Do women not have the right of freedom of expression?

This is not the first time the board is doing it, in 2016, the board clashed with directors of the film "Udta Punjab," a film depicting the drug pandemic in the west Indian state of Punjab, the case went till the court and the court had no problem with the movie getting released. The same process will repeat even this time. Moreover why is Pahlaj Nihalani against all such bold movies?

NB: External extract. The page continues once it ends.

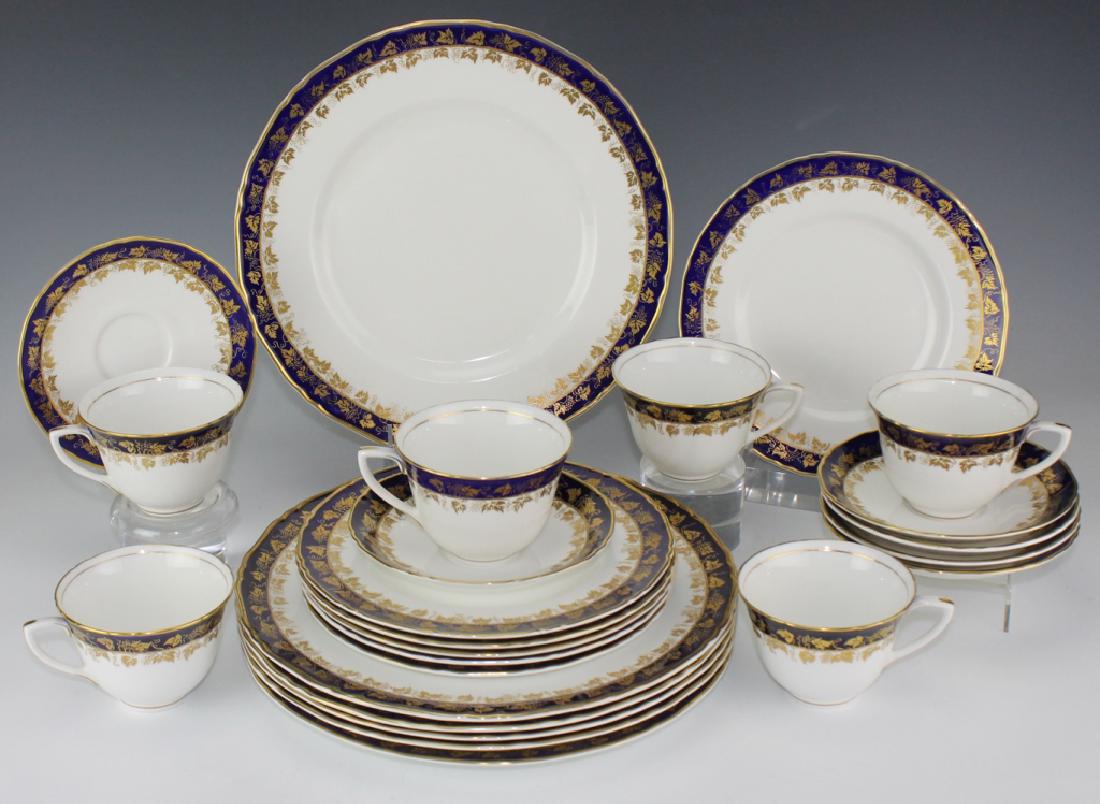 Royal Worcester Arundel English Bone China 24 PCS: Royal Worcester Arundel English bone china. Comes with 6 dinner and 6 salad plates with 6 cups and saucers. All decorated with gold and cobalt. Marked with Royal Worcester back stamp. Good overall con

While the other countries are accepting this liberty in a new way and reaching to a new level, why is India banning such films? The country must encourage freedom of expression but the CBFC refusing to certify films that tell uncomfortable stories discourages filmmakers from pushing the envelope. Films should challenge the status quo and particularly the stereo-type representation of women in popular cinema.